Il y a plus d'un siècle, les ouvriers et les ouvrières de la société Lumière sortaient du Hangar de Monplaisir pour aller à la rencontre des premiers spectateurs du Grand Café, à la rencontre d'un public nouveau que le cinéma venait d'inventer.
Ce premier décor sert aujourd'hui de porte, sublime porte, à la nouvelle salle de cinéma de l'Institut Lumière, et c'est nous qui venons à notre tour à leur rencontre sur les lieux mêmes de la naissance du cinéma.
Nous allons, je crois, les revoir dans quelques minutes ainsi que les images de la bousculade enthousiaste, à la sortie de ce même Hangar, des réalisateurs venus du monde entier, il y a trois ans, parrainer joyeusement la renaissance de ce lieu de mémoire et disposer dans le béton que l'on allait couler autour de la première pierre, quelques menues offrandes propitiatoires.
Le gri-gri déposé par Jean Rouch - un bout de ficelle "car le cinéma , c'est des bouts de ficelle" - semble avoir bien fonctionné et le rêve de Bertrand Tavernier devient aujourd'hui réalité. Le Hangar, classé monument historique est restauré, le centre de documentation créé par Raymond Chirat dans l'atelier d'Antoine Lumière est réaménagé, les espaces d'exposition sont revitalisés, la salle qui manquait à l'Institut Lumière est construite, grâce à quelques autres "bouts de ficelle" apportés par l'ensemble des collectivités publiques..

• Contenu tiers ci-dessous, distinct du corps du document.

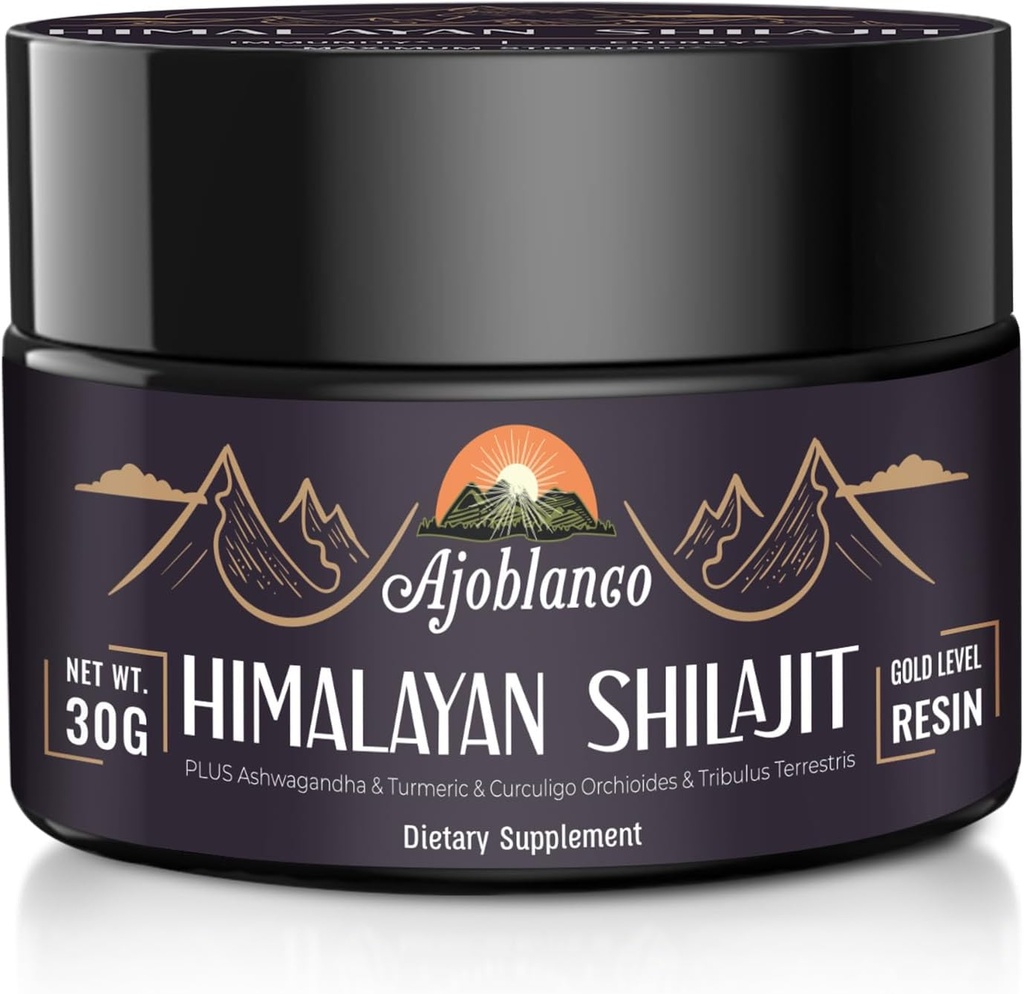 Ajoblanco 600mg Natural Himalayan Orgánica Shilajit Resin - Himalayan Gold Shilajit Resin with Organic Ayurvedic Blend in High Potency for Energy, Strength & Immunity, Pack of 1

Tout est prêt désormais pour que l'Institut Lumière, laboratoire cinéphilique imaginé au début des années 80 par Bernard Chardère, renforce dans les meilleures conditions, les actions que Bertrand Tavernier y a développés depuis quelques années et devienne un carrefour essentiel de la culture cinématographique en France.
Après la Cinémathèque de Toulouse, installée dans de nouveaux locaux l'an dernier, avant la Maison du cinéma qui rassemblera à Paris l'ensemble des activités menées aujourd'hui par la Cinémathèque française, la Bibliothèque du film et le service des Archives du film et du dépôt légal du C.N.C. pour accueillir tous les publics, tous les professionnels, tout le cinéma, L'Institut Lumière doit occuper la place qui lui revient dans le dispositif que j'entends développer pour la diffusion du patrimoine et plus généralement de la culture cinématographiques.

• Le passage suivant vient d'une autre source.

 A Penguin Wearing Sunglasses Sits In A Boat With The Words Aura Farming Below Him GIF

Un effort important a été accompli ces dernières années dans le domaine du patrimoine cinématographique pour renforcer nos collections, les regrouper, les conserver et les restaurer, pour rénover et rapprocher nos grandes institutions à Paris et en région, pour amorcer, notamment à l'occasion de la célébration du Premier siècle de cinéma, des expériences nouvelles de diffusion.
Il faut aujourd'hui franchir un nouveau palier et c'est la raison pour laquelle j'ai relancé sur de nouvelles bases le projet de Maison du cinéma et demandé au CNC de préparer un nouveau plan d'action que je présenterais dans quelques semaines.

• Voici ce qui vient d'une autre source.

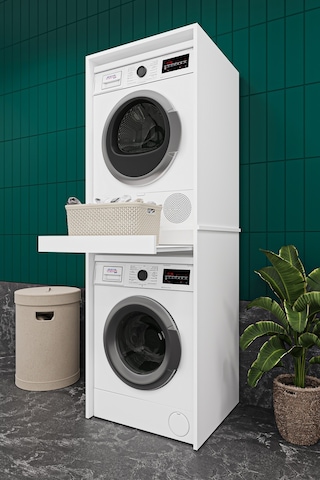 Asra Trend Çamaşır ve Kurutma Makinesi Dolabı BD05 %100 MDF Çekmeceli Raf Beyaz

Des institutions de type nouveau, comme l'Institut Lumière, destinées à montrer le cinéma sous toutes ses formes, en le projetant, en le consultant, en l'exposant, en l'enseignant, en éditant des ouvrages, vont se développer et contribuer de façon active à placer le patrimoine cinématographique au coeur de la politique culturelle du cinéma.
Elles doivent animer et coordonner à Paris ou en région, le réseau plus diffus des opérateurs qui interviennent dans ce domaine, de l'Université aux ciné-clubs en passant par les vidéothèques de plus en plus nombreuses dans les bibliothèques municipales, et participer à la naissance d'une nouvelle génération cinéphile et à la transmission de la mémoire du cinéma.
Ces institutions - archives, cinémathèques ou centres de ressources sur le cinéma - puisent leur force dans le passé d'un art à peine centenaire.
Elles puisent aussi leur dynamisme dans l'esprit pionnier qui les a animées depuis leur origine.
Elles ouvrent aujourd'hui plus largement leur collections, diffusent avec moins de réticences celles des autres et adoptent plus volontiers des .démarches de mise en réseau de leurs fonds et de leurs programmations.
Ce mouvement doit s'accentuer pour rendre plus visible notre patrimoine, l'intégrer à de nouvelles pratiques, le faire dialoguer et le confronter en permanence avec notre création actuelle.
J'insiste ici sur le rôle du patrimoine dans l'éducation à l'image, un dossier qui me tient tout particulièrement à coeur. L'initiation au cinéma doit incorporer des références au passé du cinéma. En cela, des structures qui, comme l'Institut Lumière, ont développé autour de cette idée un savoir-faire important dans le domaine pédagogique, doivent être parties prenantes à la mission de formation à l'image d'un public non exclusivement scolaire.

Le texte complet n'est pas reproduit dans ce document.